Finansal tarafında bu şekilde bir durum gerçekleşmişken satış ve karlılık tarafında ise şirketin ton bazlı üretim ve satışlarında artışlar gerçekleşirken miktarsal satışlarda aynı oranda artış sağlanamadığı görülmekte buda ton bazlı satışlar artsa da birim fiyatlarda düşüşün olduğunu gösteriyor. Birim fiyatlardaki bu düşüşe birde maliyetlerdeki artış eklendiğinde doğal olarak istenilen oranda bir faaliyet karı gerçekleşmiyor. Bu 3 konu ereğli özelinde olsa da etki sadece yurt içi kaynaklı olmamakla beraber yurt dışında meydana gelen hammadde fiyatlarının düşüşü ile hrc fiyatlarındaki düşüşte oluşan etkinin ana damarlarını oluşturmakta. Durum bu şekilde devam ederse fazla bir şey beklememek gerekir durumun düzelmesi, hem Türkiye’de hem de globalde yassı çelik talebinin artması gerekmekte bu artışta ekonomilerin canlanması sonucunda başlayacaktır.
Buraya kadar şirketin mevcut durumunu anlattık bizim için önemli olan bu günden sonra durum ne olabilir. Gelecekte satışlar artar mı? beraberinde karları arttırabilir mi? detaylandırmaya çalışalım.
İlk olarak Ereğli’yi bir hammadde üreticisi olarak sayarsak Ereğli’den ürün tedariği yapan sektörlerin durumunu değerlendirmemiz gerekir. Global tarafta da başta Çin olmak üzere Avrupa bölgesine ürün satan sektörlerden Ereğli’den hammadde alan sektörlerin durumunu incelememiz gerekir.

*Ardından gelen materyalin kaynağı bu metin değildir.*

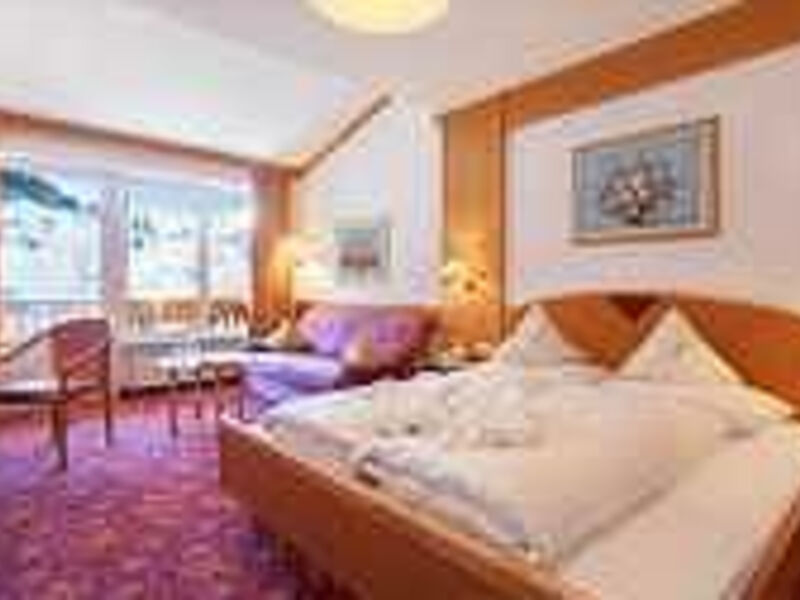 Hotel Hochland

Çini incelemek bize ne katacaktır. Çin dünyanın en büyük ithalatçısı ve ihracatçısı konumunda. Dünya çelik üreticileri arasında %50 pay ile ilk sırada bulunmakta. İçeride özellikle konut sektörü taraflı daralma Çinin ithalatını zayıflatmış ve iç talepteki fazlalığı dünya piyasasına düşük karlarla satarak fiyatlardaki düşüşü etkilemiştir. Çin iç piyasasının canlanması diğer şirketlerin karlılığı açısından önemli bir durum olacaktır.
İleriye dönük beklentiler arasında yapılan pelet ve kok üretim yatırımları ile hammaddede dışa bağımlılığı minimize edecek ve maliyetlerin iyileşmesi ile karlarda artış beklenmektedir. Maliyetlerin azalması ile beraber anti damping önlemleri ile beraber yurt içinde ithalatta oluşacak kısıtlama ile mali duruma katkı sağlanırken globalde Çine uygulanan gümrük vergileri ile de Ereğli’nin ihracat pazarını açacaktır.
Şirketin maliyetlerindeki dengelenme sadece iç piyasada oluşacak maliyet düşürücü önlemlerle yeterli kalmayacağı Ereğli’de maliyetin önemli iki kalemi olan hrc fiyatları ve hammadde fiyatları arasındaki dengenin globalde olumlu seyretmesi gerekir.
Hrc fiyatları artarken demir cevheri fiyatlarının dengede kalması veya düşmesi şirketin karlılığını arttıracaktır. Bu sebepten bu dengenin kurulabilmesi için globaldeki hrc fiyatları ve ana hammadde olan demir cevheri fiyatları arasındaki fark takip edilmesi gerekmekte. Karlığın artması birazda bu dengeye bağlı diye söylenebilir.
Tüm bu beklentiler doğrultusunda yakın zamanda hemen bir şeyin değişeceğini söylemek doğru olmamakla beraber uzun vadede yatırımların devreye girmesiyle maliyetlerde oluşacak iyileşmeler karları arttıracaktır. Hrc fiyatlarındaki düşüş, globaldeki ticari risklerin artması iyileşmeyi öteleyecektir.